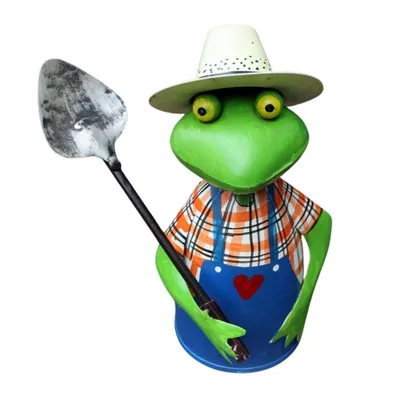 Produktbild von Zaunhocker Gärtner Frosch aus Metall handbemalt, mit Schaufel und Hut, ca. 22 cm hoch
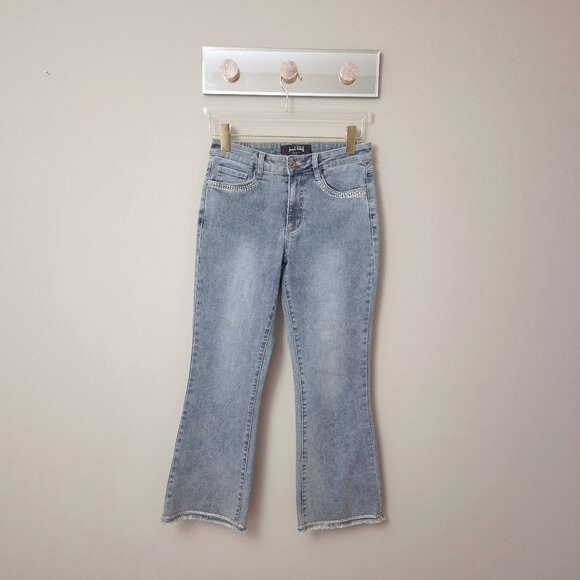 EUC Joseph Ribkoff light blue jeans with bejeweled pockets / hems, 6 - Picture 2 of 5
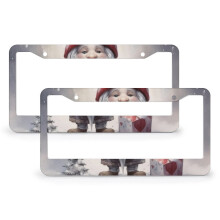 Valentine's Day Gnome License Plate Frame Set (2 pcs), Aluminum Car Tag Frames, Compatible with Standard Front Plates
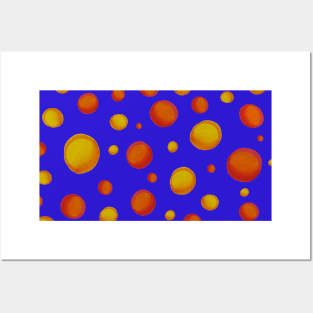 Yellow, Orange and Red Polka Dots (With Vibrant Blue Background) Posters and Art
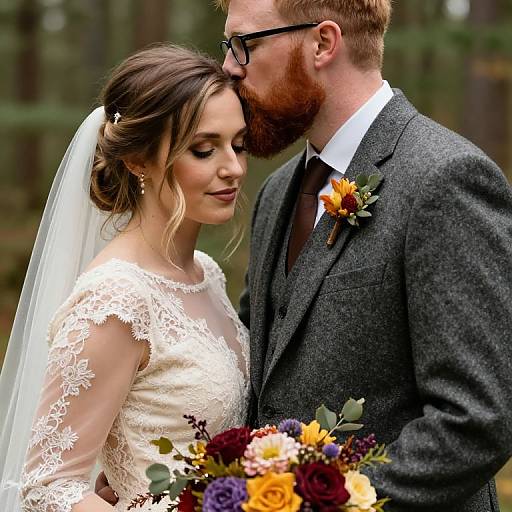 Photograph of a red-bearded groom in a gray suit kissing the cheek of a bride in a lace white dress, holding colorful floral bouquet, in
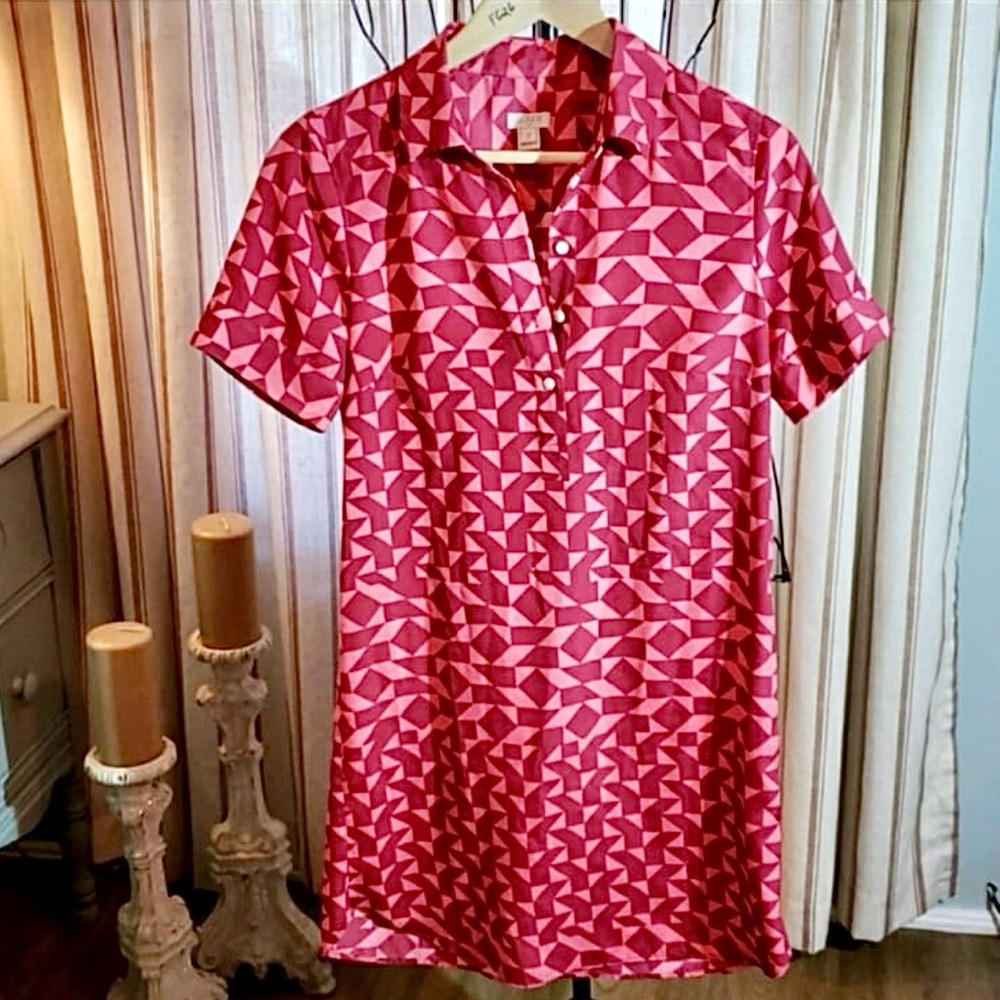 ‼️ J CREW Pink/Salmon Geometric Short Sleeve Button Collar Shirt Dress XS-Size 2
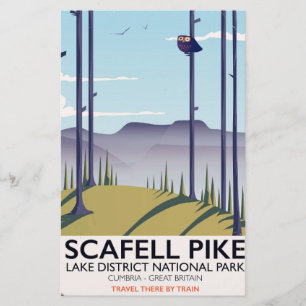 Scafell Pike, Cumbria, Vintage travel poster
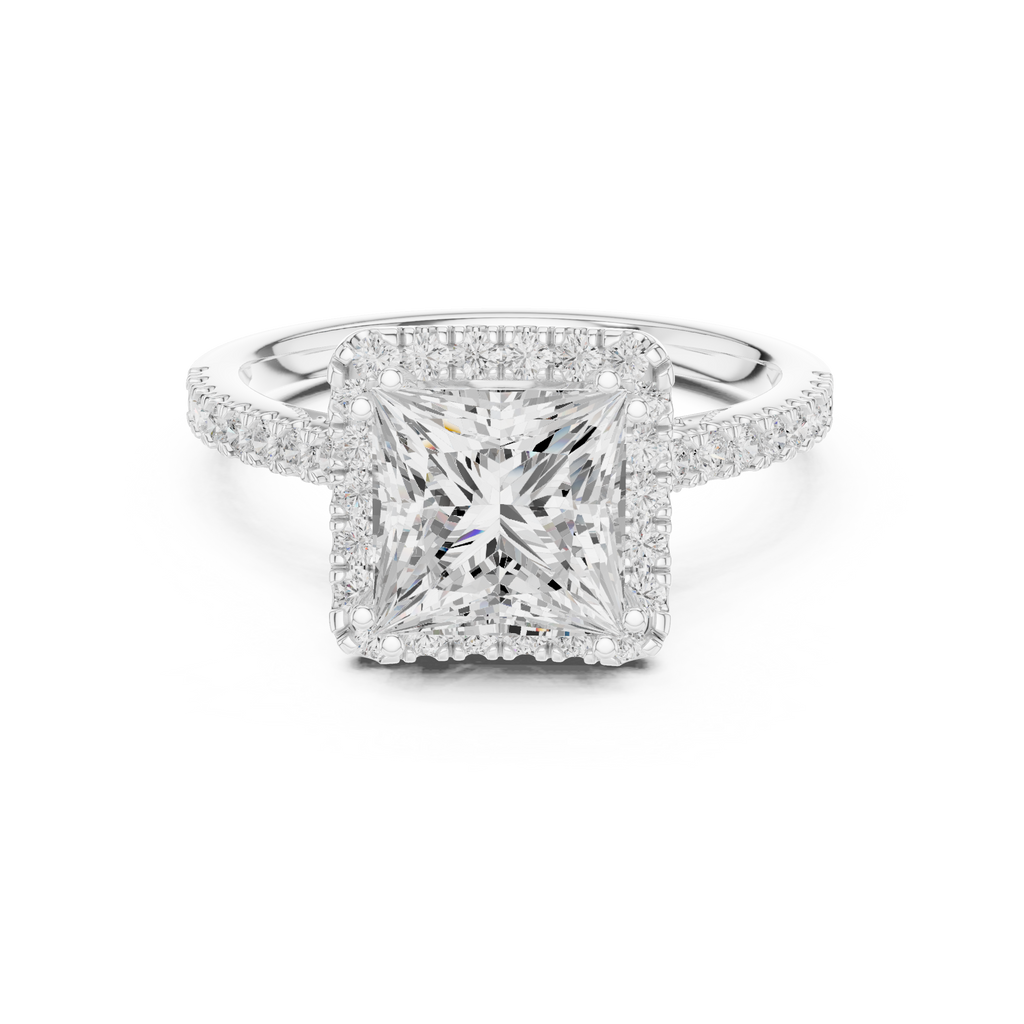 Vintage Princess Cut Diamond Halo Engagement Ring with Pavé Band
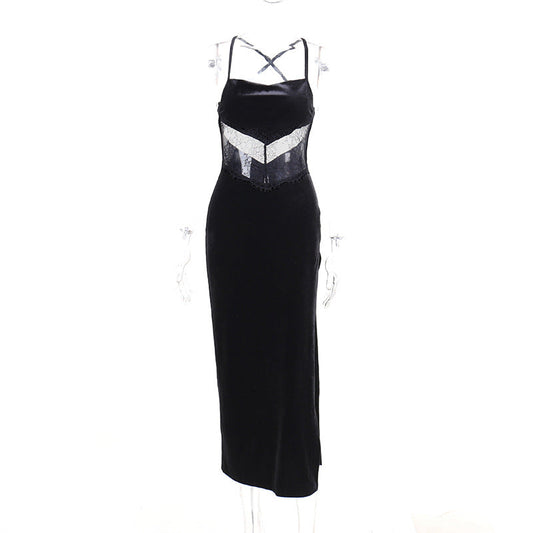 Women Autumn Summer Lace Sexy Backless Patchwork Slit Dress Women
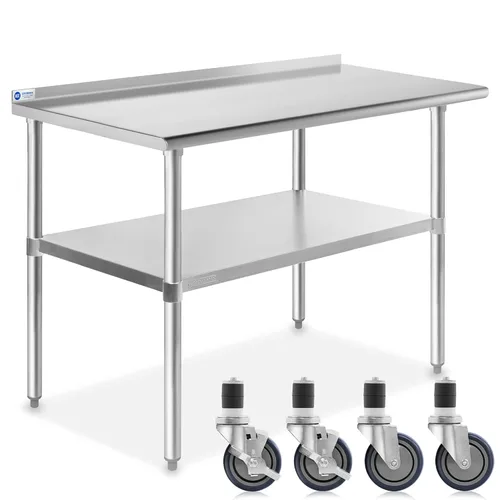 Miniatura 9 de Gridmann. Mesa de preparación y trabajo para cocina comercial, hecha en acero inoxidable con 4 ruedas con protectores contra salpicaduras. Varios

▶ Description of the task
In the records above, find the line with "Dress XS-Size 2" and copy from it through the last line exactly, without the pictures.

▶ Result of this task
 ‼️ J CREW Pink/Salmon Geometric Short Sleeve Button Collar Shirt Dress XS-Size 2
 Scafell Pike, Cumbria, Vintage travel poster
 Vintage Princess Cut Diamond Halo Engagement Ring with Pavé Band
 Women Autumn Summer Lace Sexy Backless Patchwork Slit Dress Women
 Miniatura 9 de Gridmann. Mesa de preparación y trabajo para cocina comercial, hecha en acero inoxidable con 4 ruedas con protectores contra salpicaduras. Varios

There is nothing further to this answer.